Les ossements d’animaux fournissent des informations sur le régime alimentaire des habitants.

«Ce qui est intéressant, c’est que nous avons dans l’équipe un zooarchéologue spécialisé dans l’identification des restes d’animaux. Il peut donc déterminer le régime alimentaire des habitants du fort», précise la spécialiste.

La chasse et la pêche étaient pratiquées pour se nourrir dans la région. Les chercheurs ont découvert des ossements de castors, de rats musqués, de renards et même d’ours. La présence des missionnaires européens a toutefois introduit des animaux d’élevage tels que des cochons, des bovins, des moutons et des poules.

«On voit ici la rencontre de deux mondes culturels : le monde autochtone et le monde européen, ce dernier ayant introduit l’élevage», explique-t-elle.

Fouiller pour savoir

Au-delà des objets et des restes, la prolongation des fouilles permet de creuser plus longtemps et de mieux comprendre le site.

«Il est rare que nous puissions mener une intervention vraiment planifiée pour la recherche, en ciblant des connaissances spécifiques, sans être pressés par un projet de construction», observe Mme Bourguignon-Tétreault.

Souvent, les fouilles archéologiques, en milieu urbain, visent à préserver des vestiges menacés par un chantier.

«La bonne nouvelle ici, c’est qu’il s’agit d’un projet de la Ville. Nous sommes mandatés par elle sur un terrain qui lui appartient, ce qui nous donne une certaine liberté et une marge de manœuvre quant à l’organisation des travaux», souligne-t-elle.

Cette latitude a, par exemple, permis de mener les recherches de manière stratégique, comme elle le souligne.

«Nous nous sommes aperçus, en analysant nos données, que certaines zones du site étaient plus stratégiques, là où nous avions obtenu les meilleurs résultats. C’était un peu comme un filon, il restait encore beaucoup à découvrir», illustre l’archéologue.

Cela a permis de mettre en lumière des vestiges et des objets intéressants rapidement.

Est-ce que cette fouille sera la dernière ? Rien ne permet de l’affirmer pour l’instant.
Le site est destiné à devenir un parc avec des installations d’interprétation. La Ville prévoit de l’aménager de manière à le rendre accessible aux visiteurs, en tenant compte des recommandations des chercheurs.

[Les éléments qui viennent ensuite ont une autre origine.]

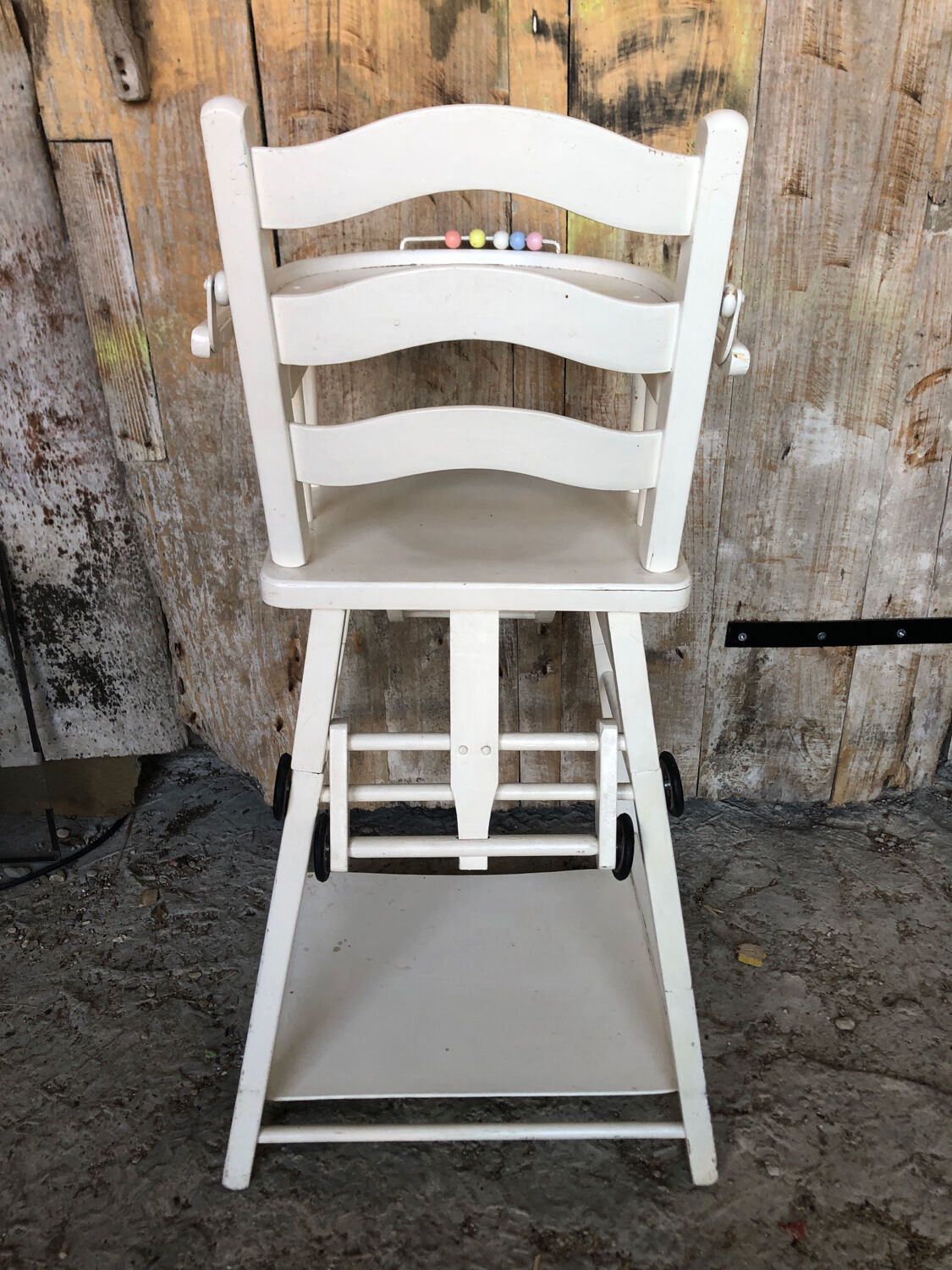 High chair bebe baumann vintage white wood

«À la fin de cette intervention, après l’analyse des données et les recommandations qui en découleront, nous déciderons s’il est nécessaire de poursuivre avec une ou deux nouvelles interventions, ou si nous avons suffisamment de données pour le moment», commente Émilie Desrosiers, archéologue à la Ville de Montréal.

Un rapport sur les fouilles actuelles devrait être publié d’ici un an, apportant plus de détails sur l’avenir du site de Fort-Lorette.